++++ Source material ++++

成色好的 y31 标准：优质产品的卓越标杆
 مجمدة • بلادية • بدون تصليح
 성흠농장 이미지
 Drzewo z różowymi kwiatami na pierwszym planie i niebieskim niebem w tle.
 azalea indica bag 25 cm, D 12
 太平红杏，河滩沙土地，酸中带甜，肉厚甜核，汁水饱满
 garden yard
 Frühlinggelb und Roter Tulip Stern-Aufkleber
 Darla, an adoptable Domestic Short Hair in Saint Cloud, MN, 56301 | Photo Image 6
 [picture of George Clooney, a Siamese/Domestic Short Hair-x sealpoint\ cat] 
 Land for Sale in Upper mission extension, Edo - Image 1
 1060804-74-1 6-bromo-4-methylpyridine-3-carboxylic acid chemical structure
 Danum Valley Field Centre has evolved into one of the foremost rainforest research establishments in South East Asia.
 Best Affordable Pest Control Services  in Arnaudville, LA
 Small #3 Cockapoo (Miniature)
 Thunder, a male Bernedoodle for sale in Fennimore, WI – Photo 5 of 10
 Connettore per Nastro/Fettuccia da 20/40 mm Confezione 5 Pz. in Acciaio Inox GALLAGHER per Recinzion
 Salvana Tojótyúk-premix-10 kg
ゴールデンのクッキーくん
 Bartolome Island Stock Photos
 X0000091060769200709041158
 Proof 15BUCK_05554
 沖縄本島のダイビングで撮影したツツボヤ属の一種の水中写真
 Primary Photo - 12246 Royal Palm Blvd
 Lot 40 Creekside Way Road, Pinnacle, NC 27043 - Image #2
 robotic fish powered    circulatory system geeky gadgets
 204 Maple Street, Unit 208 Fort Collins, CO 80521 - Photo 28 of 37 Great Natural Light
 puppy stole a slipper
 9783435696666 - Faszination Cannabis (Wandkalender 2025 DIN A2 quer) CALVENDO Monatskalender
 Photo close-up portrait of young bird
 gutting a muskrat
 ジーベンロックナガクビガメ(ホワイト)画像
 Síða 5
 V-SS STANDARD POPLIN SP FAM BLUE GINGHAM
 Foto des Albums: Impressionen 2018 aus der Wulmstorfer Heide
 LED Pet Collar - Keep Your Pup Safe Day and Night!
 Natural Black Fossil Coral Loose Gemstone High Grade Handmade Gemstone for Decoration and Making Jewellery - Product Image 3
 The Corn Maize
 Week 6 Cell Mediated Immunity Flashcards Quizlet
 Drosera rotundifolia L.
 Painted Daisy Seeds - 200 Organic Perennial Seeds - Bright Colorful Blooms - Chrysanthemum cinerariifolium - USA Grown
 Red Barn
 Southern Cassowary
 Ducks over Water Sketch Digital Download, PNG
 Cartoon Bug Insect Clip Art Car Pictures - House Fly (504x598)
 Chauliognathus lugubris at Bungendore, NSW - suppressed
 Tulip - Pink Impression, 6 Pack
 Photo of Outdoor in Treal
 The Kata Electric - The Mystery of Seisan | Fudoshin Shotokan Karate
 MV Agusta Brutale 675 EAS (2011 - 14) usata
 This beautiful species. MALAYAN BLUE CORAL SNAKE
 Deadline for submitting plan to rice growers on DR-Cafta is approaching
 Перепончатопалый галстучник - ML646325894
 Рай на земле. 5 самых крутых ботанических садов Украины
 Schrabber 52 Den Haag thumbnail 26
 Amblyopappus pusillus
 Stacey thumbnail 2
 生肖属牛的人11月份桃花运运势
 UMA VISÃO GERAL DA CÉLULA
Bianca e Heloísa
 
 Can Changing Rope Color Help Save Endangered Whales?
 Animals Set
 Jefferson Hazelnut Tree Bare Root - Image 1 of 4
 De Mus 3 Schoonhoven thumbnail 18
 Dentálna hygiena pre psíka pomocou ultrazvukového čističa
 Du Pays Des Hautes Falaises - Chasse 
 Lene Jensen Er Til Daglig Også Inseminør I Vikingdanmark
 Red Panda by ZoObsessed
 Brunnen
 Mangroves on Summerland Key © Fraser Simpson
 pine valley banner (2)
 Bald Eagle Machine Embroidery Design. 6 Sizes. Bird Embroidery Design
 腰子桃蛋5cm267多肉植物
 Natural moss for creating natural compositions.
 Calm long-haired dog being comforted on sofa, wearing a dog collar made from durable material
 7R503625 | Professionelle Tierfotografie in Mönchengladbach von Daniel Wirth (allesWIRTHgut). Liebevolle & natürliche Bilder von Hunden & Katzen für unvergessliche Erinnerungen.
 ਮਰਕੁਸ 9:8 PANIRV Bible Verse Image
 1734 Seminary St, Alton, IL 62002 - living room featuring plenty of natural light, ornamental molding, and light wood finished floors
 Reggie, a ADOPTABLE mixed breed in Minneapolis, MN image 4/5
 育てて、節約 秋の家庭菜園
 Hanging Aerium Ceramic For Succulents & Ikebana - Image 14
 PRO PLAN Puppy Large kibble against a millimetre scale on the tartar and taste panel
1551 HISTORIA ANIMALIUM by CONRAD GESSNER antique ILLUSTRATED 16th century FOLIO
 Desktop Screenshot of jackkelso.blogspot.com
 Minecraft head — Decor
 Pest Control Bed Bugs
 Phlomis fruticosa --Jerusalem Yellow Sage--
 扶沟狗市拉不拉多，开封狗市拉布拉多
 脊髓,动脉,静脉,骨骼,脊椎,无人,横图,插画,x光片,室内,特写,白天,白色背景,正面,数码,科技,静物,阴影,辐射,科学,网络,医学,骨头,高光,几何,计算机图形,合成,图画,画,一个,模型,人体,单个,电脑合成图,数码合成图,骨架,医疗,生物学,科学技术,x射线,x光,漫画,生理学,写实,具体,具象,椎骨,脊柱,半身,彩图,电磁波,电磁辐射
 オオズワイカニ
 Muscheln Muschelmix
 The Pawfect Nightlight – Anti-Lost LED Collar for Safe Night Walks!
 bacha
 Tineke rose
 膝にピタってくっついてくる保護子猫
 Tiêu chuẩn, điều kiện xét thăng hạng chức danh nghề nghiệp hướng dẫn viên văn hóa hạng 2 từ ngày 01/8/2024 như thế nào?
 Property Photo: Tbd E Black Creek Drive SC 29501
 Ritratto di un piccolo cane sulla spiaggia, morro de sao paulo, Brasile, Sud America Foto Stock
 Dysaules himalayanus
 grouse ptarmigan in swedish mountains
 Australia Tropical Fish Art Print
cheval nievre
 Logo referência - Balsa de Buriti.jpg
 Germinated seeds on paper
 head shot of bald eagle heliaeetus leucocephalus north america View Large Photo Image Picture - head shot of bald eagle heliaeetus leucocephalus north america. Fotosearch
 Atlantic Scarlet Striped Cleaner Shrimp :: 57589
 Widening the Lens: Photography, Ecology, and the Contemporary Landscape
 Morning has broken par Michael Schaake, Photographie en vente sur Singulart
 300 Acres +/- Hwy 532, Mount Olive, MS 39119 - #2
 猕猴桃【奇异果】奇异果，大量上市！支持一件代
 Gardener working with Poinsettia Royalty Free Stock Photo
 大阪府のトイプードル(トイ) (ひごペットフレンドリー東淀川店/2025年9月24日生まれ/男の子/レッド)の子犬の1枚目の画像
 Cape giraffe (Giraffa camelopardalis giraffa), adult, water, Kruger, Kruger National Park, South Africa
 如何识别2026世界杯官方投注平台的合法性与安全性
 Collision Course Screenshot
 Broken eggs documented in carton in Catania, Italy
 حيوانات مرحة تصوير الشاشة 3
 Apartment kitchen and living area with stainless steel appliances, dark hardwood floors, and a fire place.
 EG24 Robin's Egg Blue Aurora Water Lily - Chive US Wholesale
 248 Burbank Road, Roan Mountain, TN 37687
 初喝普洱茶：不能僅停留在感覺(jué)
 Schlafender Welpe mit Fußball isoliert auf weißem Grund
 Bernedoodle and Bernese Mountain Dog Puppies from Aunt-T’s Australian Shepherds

++++

Wherever the string "with" occurs in the records above, copy that line.

* **Result of this exercise**
 Gardener working with Poinsettia Royalty Free Stock Photo
 Apartment kitchen and living area with stainless steel appliances, dark hardwood floors, and a fire place.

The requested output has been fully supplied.